Samen de handen ineen: een voorbeeld van groeiend zelfvertrouwen van het PI

Op de Wilde Ganzen-Partindag op 9 oktober bespraken Roel en Marianne Meijers tijdens de zesde editie van het Wereld Café dat georganiseerd werd in samenwerking met Vice Versa hun boek Samen de handen ineen. Het boek dat in 2020 uitkwam wordt warm ontvangen. Ook Lau Schulpen (Radboud Universiteit) is lovend over het boek dat volgens hem meer is dan een voorbeeld van groeiend zelfvertrouwen van het PI: het is tegelijkertijd een reflectie én een dapper boek.
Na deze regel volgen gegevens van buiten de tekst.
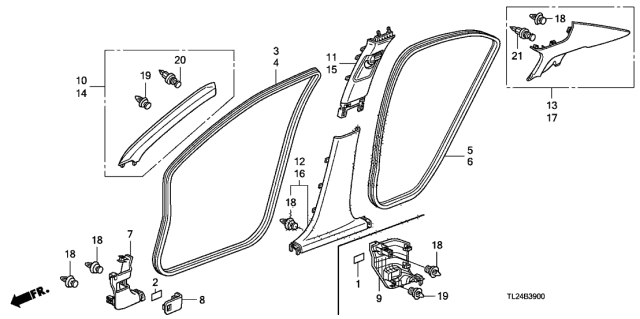 2011 Acura TSX Seal, Right Front Door Opening (Premium Ivory) Diagram for 72315-TL0-003ZC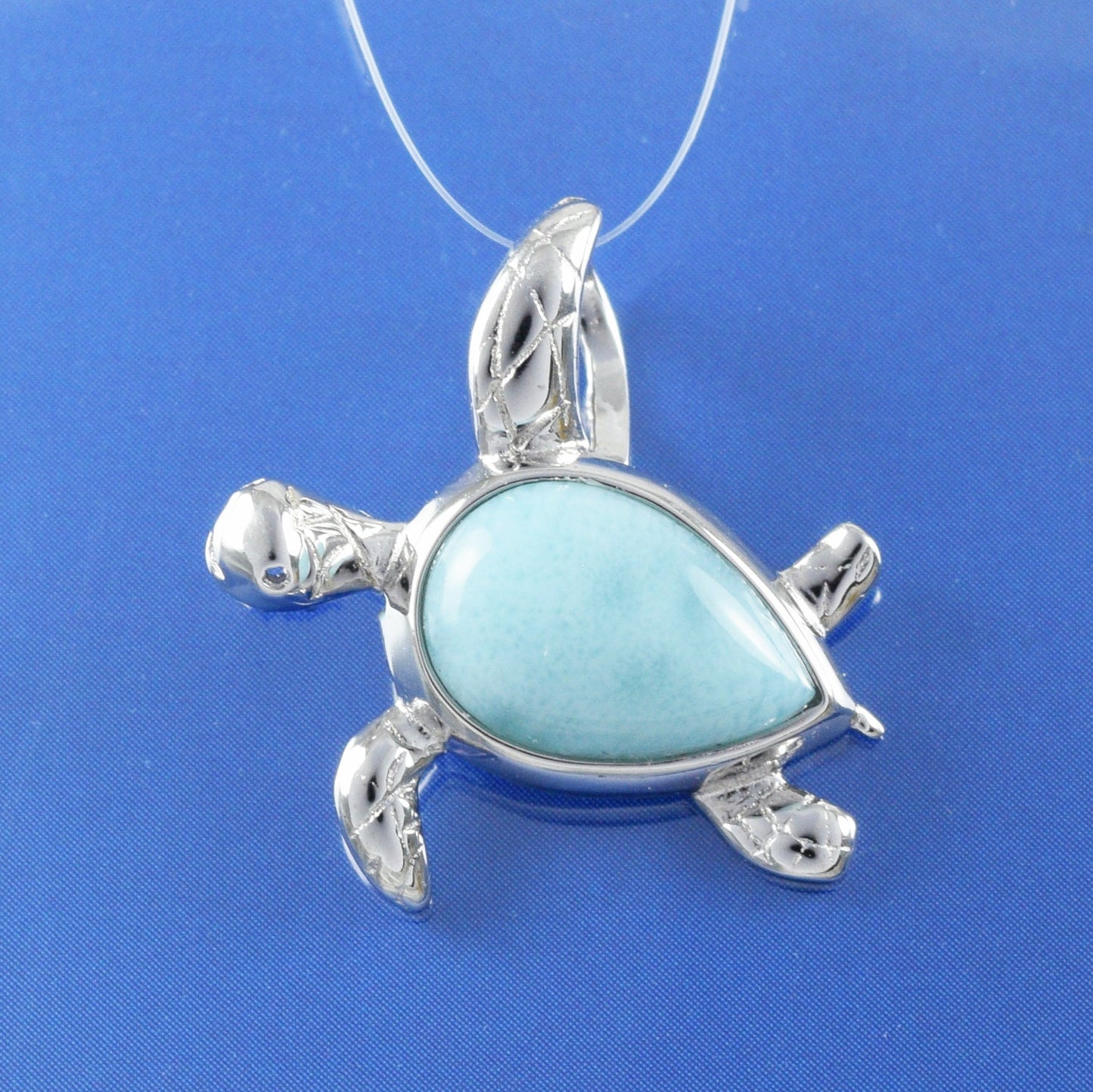 Boucles d'oreilles et collier uniques en véritable tortue de mer Larimar hawaïenne, pendentif en argent sterling avec tortue Larimar, cadeau d'anniversaire pour maman N8841SH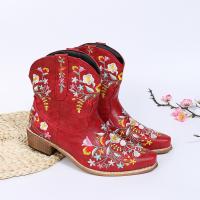 Patent Leather Boots & anti-skidding embroider floral Pair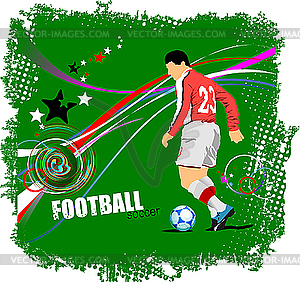 Poster with soccer player - vector clip art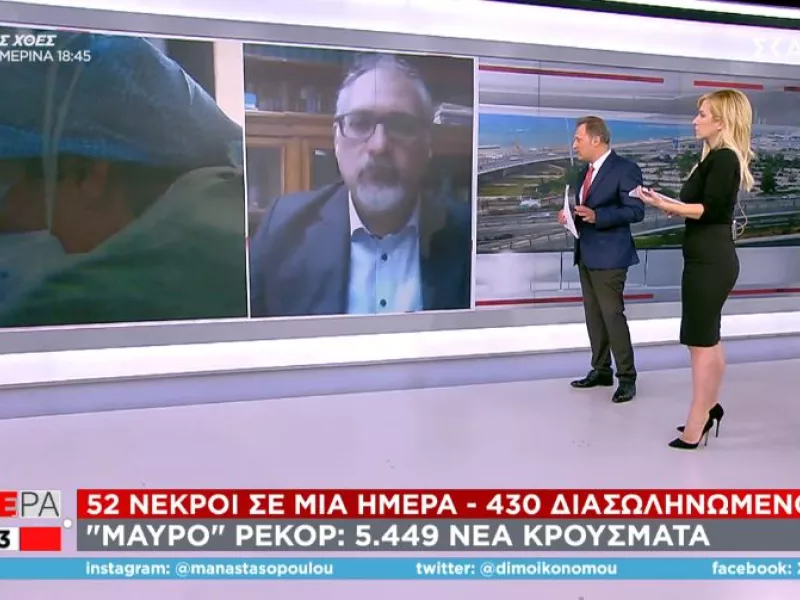 Θωμαΐδης σε ΣΚΑΪ: Μπορεί να φτάσουμε και τα 10.000 κρούσματα-Να εξετάσουμε τοπικά lockdown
Particuliere Initiatieven (PI) op het gebied van internationale samenwerking bestaan al zolang internationale samenwerking bestaat. Tientallen jaren is er echter – in zowel politieke, maatschappelijke als wetenschappelijke zin – alleen aandacht geschonken aan een paar organisaties die het kleinschalige en vrijwillige van het PI waren ontstegen. Tientallen jaren hebben we dan ook net gedaan alsof het PI niet bestond. Dat veranderde in de jaren ’00 van deze eeuw toen niet alleen de eerste wetenschappelijke studies verschenen van dit fascinerende fenomeen en het PI op het netvlies van zowel politiek Den Haag als de grote NGO’s verscheen, maar het PI zelf zich ook nadrukkelijker manifesteerde als een speler in internationale samenwerking (onder andere via de oprichting van Partin). Dit alles leidde tot een groeiende erkenning en liet tegelijk een groeiend zelfbewustzijn zien van deze kleinschalige internationale samenwerkingsspelers. Het moment waarop het PI zelf dan ervaringen op schrift stelt en wereldkundig maakt past perfect in dat groeiende zelfbewustzijn en -vertrouwen en dus bij het idee dat het PI een verhaal te vertellen heeft.

Het boek dat Roel en Marianne hebben uitgebracht onder de titel Samen de handen ineen! is een mooi en treffende voorbeeld hiervan. In ruim 200 pagina’s en 25 hoofdstukken wordt de lezer niet alleen door de geschiedenis van hun stichting Harambee Holland gevoerd maar, vooral, door een groot aantal plezierig opgeschreven en niet belerende ‘lessen voor het doen van hulp’. Zo behandelen de auteurs het belang van (lokaal) eigenaarschap, de noodzaak van het centraal stellen van de hulpvraag, de perverse kanten van een ongelijke relatie, de soms moeizame pogingen relaties aan te knopen met allerlei andere spelers (inclusief overheden), en hoe vorm te geven aan het idee dat hulp eindig is (en wellicht moet zijn). Tegelijk geeft het boek een mooie inkijk in twee onlosmakelijk met elkaar verbonden kanten van IS. Aan de ene kant de frustratie als zaken niet goed lopen en de moeilijkheid die het maken van keuzes met zich meebrengt (niemand kan immers alles doen). En aan de andere kant ook – en wellicht vooral – alles wat het werken aan ontwikkeling kan leveren. Leveren voor zowel de mensen voor en met wie Roel en Marianne werken én voor Roel en Marianne zelf. Het plezier dat beide auteurs hebben in ontwikkelingswerk is merkbaar op zo’n beetje elke pagina.

Het boek van Roel en Marianne is daarmee, zoals gezegd, een voorbeeld van groeiend zelfvertrouwen van het PI. Tegelijk: het is veel meer dan dat. Het is een reflectie op hen zelf en op hun werk in de afgelopen 20 jaar met hun stichting Harambee Holland. Het is als zodanig ook een dapper boek: een boek dat hun successen, mislukkingen en teleurstellingen laat zien; een boek waarin de auteurs zich kwetsbaar opstellen maar er sterk uitkomen. Een boek kortom dat gelezen moet worden – om te beginnen door allen die zich op het spannende en uitdagende PI-pad (willen) begeven, maar hopelijk ook door veel anderen.